*TO DO:* Repeat the span of the entries below that starts at the line with "DIY Jewelry Accessories" and ends at the line with "The pathology of", nothing more. Skip the pictures.

──────────────────────────────

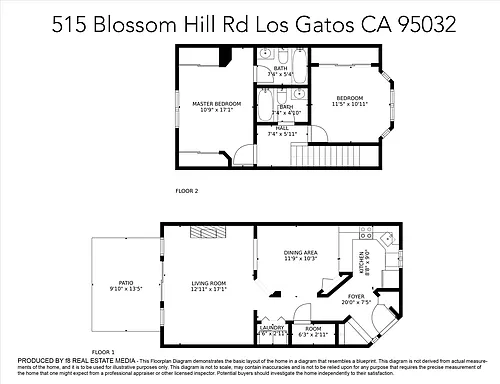Floor plan 2 Bedroom Townhome
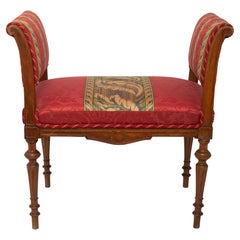 Upholstery English Bench with Armrests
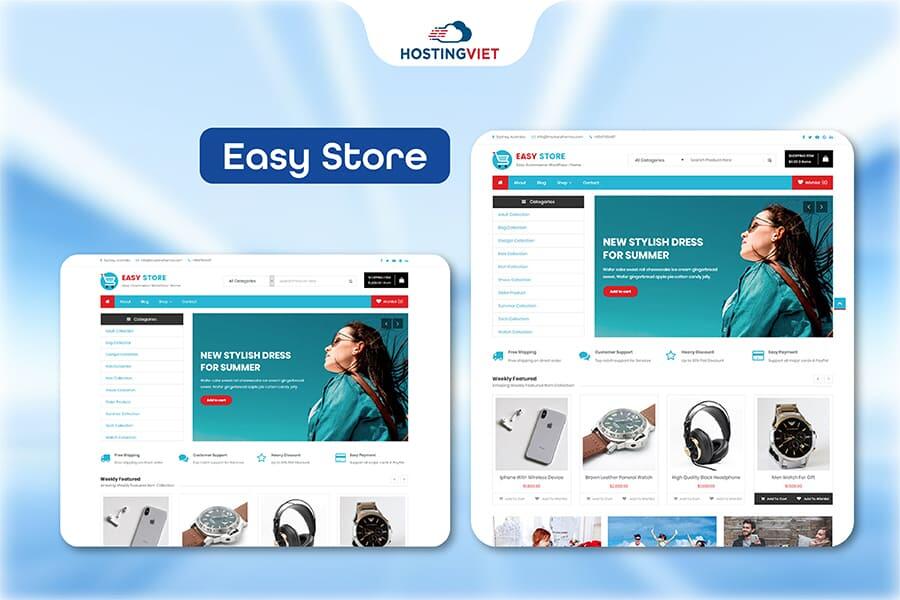 Theme wordpress bán hàng Easy Store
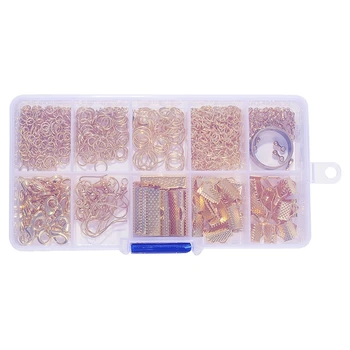 

DIY Jewelry Accessories Set Handmade Necklace Earrings Accessories Material Package About 503 Pieces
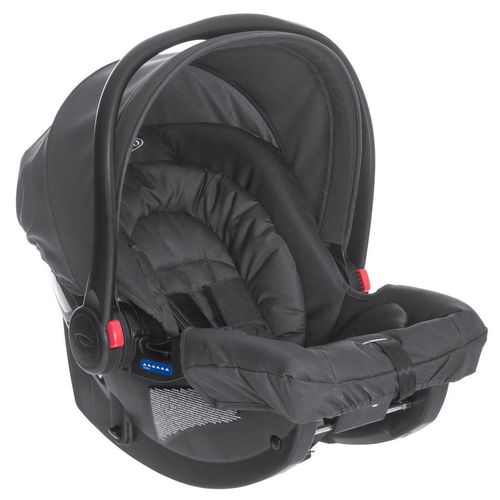 Graco Kinderautositz , Schwarz , Textil , 58x65x46 cm , ECE R44/04 , abnehmbarer und waschbarer Bezug, Sonnendach, schnell leicht im Auto montierbar,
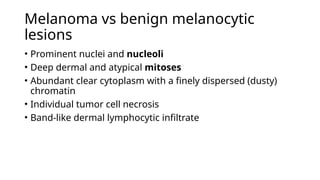 The pathology of cutaneous melanoma - Rawa Muhsin | PPTX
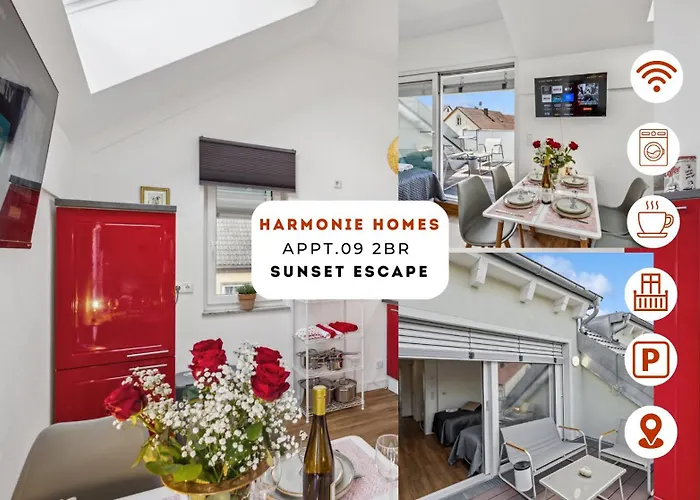 Harmonie Homes - Built In 2025 - High-quality Beds & Linen - Full Kitchen - Fiber Wifi - 4k Smart Tv - 2 Balconies - Elevator - Free Private Parking - Near Augsburg - 20 Min Via Autobahn To Munich-west Apartament *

──────────────────────────────

*TASK SOLUTION:*
DIY Jewelry Accessories Set Handmade Necklace Earrings Accessories Material Package About 503 Pieces
 Graco Kinderautositz , Schwarz , Textil , 58x65x46 cm , ECE R44/04 , abnehmbarer und waschbarer Bezug, Sonnendach, schnell leicht im Auto montierbar,
 The pathology of cutaneous melanoma - Rawa Muhsin | PPTX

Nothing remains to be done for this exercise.